Kubernetes in AWS using HashiCorp Terraform: part 1 - VPC

This is the first post in a series on provisioning a Kubernetes cluster in AWS using HashiCorp Terraform. This part covers the foundational VPC network — the isolated virtual network that hosts the cluster. By the end of this guide, the result is a working VPC with public and private subnets across two availability zones, an internet gateway, a NAT gateway, and the route tables that tie them together.

No prior knowledge of Terraform is required, but the guide assumes a basic understanding of routing tables, NAT, and AWS networking concepts (elastic IPs, etc.).

Install packages

Use your preferred package manager to install the AWS CLI and Terraform to your host machine.

brew tap hashicorp/tap
brew install hashicorp/tap/terraform
brew install awscli

Create AWS CLI credentials and log in

Create an IAM user with appropriate credentials (you can give it “AdministratorAccess” if this is a learning environment, but this should not be used in production).

image

Create an access key to log in using the AWS CLI. It consists of:

  • Access Key ID — think of this as a username. It identifies who is making the request.
  • Secret Access Key — think of this as a password. It proves you’re really that user. This must stay secret; if someone gets it, they can do anything your AWS account has permission to do.

image

Run aws configure on your host machine. When you run this command, it stores the key ID and secret key in a file on your machine at ~/.aws/credentials. Terraform automatically reads those credentials to perform actions as your IAM user.

Check that your AWS credentials are valid by running aws sts get-caller-identity (STS stands for Security Token Service).

Initialize Terraform

Specify the AWS provider by creating provider.tf:

terraform {
  required_providers {
    aws = {
        source = "hashicorp/aws"
        version = "~> 6.0"
    }
  }
}

provider "aws" {
  # Specify your AWS region
  region = "eu-central-1"
}

~> means “pessimistic constraint.” It locks you to the same minor version, but allows patches. ~> 6.0 means ”>= 6.0 and < 7.0” — any 6.x is fine, but 7.0 won’t be installed without you explicitly updating this.

Run terraform init. This command initializes a working directory containing Terraform configuration files. It should be the first command run after writing a new Terraform configuration or cloning an existing one from version control. It is safe to run multiple times.

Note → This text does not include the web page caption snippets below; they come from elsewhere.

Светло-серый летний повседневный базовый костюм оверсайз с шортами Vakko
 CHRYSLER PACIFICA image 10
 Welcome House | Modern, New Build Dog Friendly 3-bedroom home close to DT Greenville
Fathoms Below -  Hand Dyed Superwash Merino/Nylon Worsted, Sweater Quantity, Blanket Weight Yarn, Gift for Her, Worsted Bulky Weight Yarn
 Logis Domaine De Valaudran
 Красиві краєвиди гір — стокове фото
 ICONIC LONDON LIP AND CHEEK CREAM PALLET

Run ls -la and you’ll see two new things:

  • .terraform/ — a directory where Terraform stores the downloaded provider plugins. It’s like node_modules or a Python virtualenv — auto-generated, never commit it to git.
  • .terraform.lock.hcl — a lock file that records the exact provider version and checksums. This means if you or someone else runs terraform init later, they get the exact same binary, byte for byte. Commit this to git.

Define a VPC using Terraform

After setting up prerequisites, AWS resources can be defined. Study the EKS VPC Requirements before defining a VPC for your cluster.

Start by creating a VPC (Virtual Private Cloud) — an isolated slice of the AWS cloud that you control. Think of it as your own private data center, but defined in software. The VPC is defined in VPC.tf:

resource "aws_vpc" "kubernetes" {
  cidr_block = "10.0.0.0/16"
  enable_dns_hostnames = true # Kubernetes nodes need to resolve each other by name
}

You can do a ‘dry-run’ and see what is going to be created by running terraform plan. Apply the changes by running terraform apply. See what terraform is currently tracking by running terraform show.

Visualization of generated resources:

graph TB
    subgraph AWS["AWS eu-central-1"]
        subgraph VPC["VPC (10.0.0.0/16)"]
    end
end
style AWS fill:#FFF3E0,stroke:#FF9900,stroke-width:2px
style VPC fill:#F3E5F5,stroke:#7B1FA2,stroke-width:2px

Next, define subnets in the same VPC.tf file. Two kinds of subnets across two availability zones (AZs) are needed:

  • Public subnets — for load balancers and the NAT Gateway (the things that need to be open to new connections from the internet).
  • Private subnets — for EKS worker nodes (the things that will be hidden behind NAT). Per the EKS VPC Requirements, EKS subnets need to be in at least two different availability zones.
resource "aws_subnet" "kubernetes-public-1a" {
    vpc_id = aws_vpc.kubernetes.id
    cidr_block = "10.0.101.0/24"
    availability_zone = "eu-central-1a"
    # any EC2 instance launched in this subnet automatically gets a public IPv4 address
    map_public_ip_on_launch = true
}

resource "aws_subnet" "kubernetes-public-1b" {
    vpc_id = aws_vpc.kubernetes.id
    cidr_block = "10.0.102.0/24"
    availability_zone = "eu-central-1b"
    # any EC2 instance launched in this subnet automatically gets a public IPv4 address
    map_public_ip_on_launch = true
}

resource "aws_subnet" "kubernetes-private-1a" {
    vpc_id = aws_vpc.kubernetes.id
    cidr_block = "10.0.201.0/24"
    availability_zone = "eu-central-1a"
}

resource "aws_subnet" "kubernetes-private-1b" {
    vpc_id = aws_vpc.kubernetes.id
    cidr_block = "10.0.202.0/24"
    availability_zone = "eu-central-1b"
}

Note the use of vpc_id = aws_vpc.kubernetes.id. Hardcoding the VPC ID directly would work, but referencing the Terraform resource attribute keeps the definition reusable — if the VPC is ever recreated, the subnets will automatically pick up the new ID.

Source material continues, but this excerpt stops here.